Aviation fuel is a blend of hydrocarbons, namely kerosene type (Aviation fuel A) and naptha type (Aviation fuel B), to name a few. The composition of the aviation fuel depends on the performance specification. In order to shift from fossil fuels to renewable energy sources, Power-to-Liquid (PtL) technology can facilitate this transition. For the production of aviation fuel using PtL pathway, two main pathways are available, namely Fisher-Trospsh (FT) synthesis and Methanol (MeOH) synthesis [1,2].
Power-to-Liquid technology uses excess electricity to produce chemicals. For instance, excess wind energy in Denmark can be sent to an electrolysis cell where water is electrolyzed to produce hydrogen.
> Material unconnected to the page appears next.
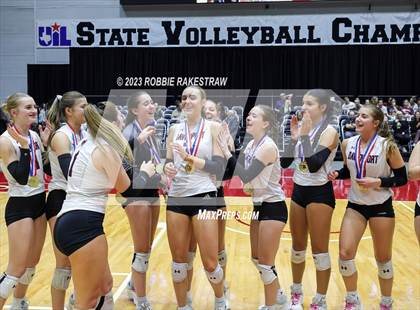 Thumbnail 2 in Davenport vs. Randall (UIL 4A Volleyball Final Medal Ceremony) photogallery.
To produce aviation fuel, a mixture of syngas (CO+hydrogen) is needed. For this, hydrogen produced could be mixed with carbon dioxide thereby producing aviation fuel by downstream processing.
The PtL conversion pathway consists of producing hydrogen through electrolysis of water along with availability of renewable carbon dioxide and conversion in order to subsequently convert the mixture so obtained into aviation fuel.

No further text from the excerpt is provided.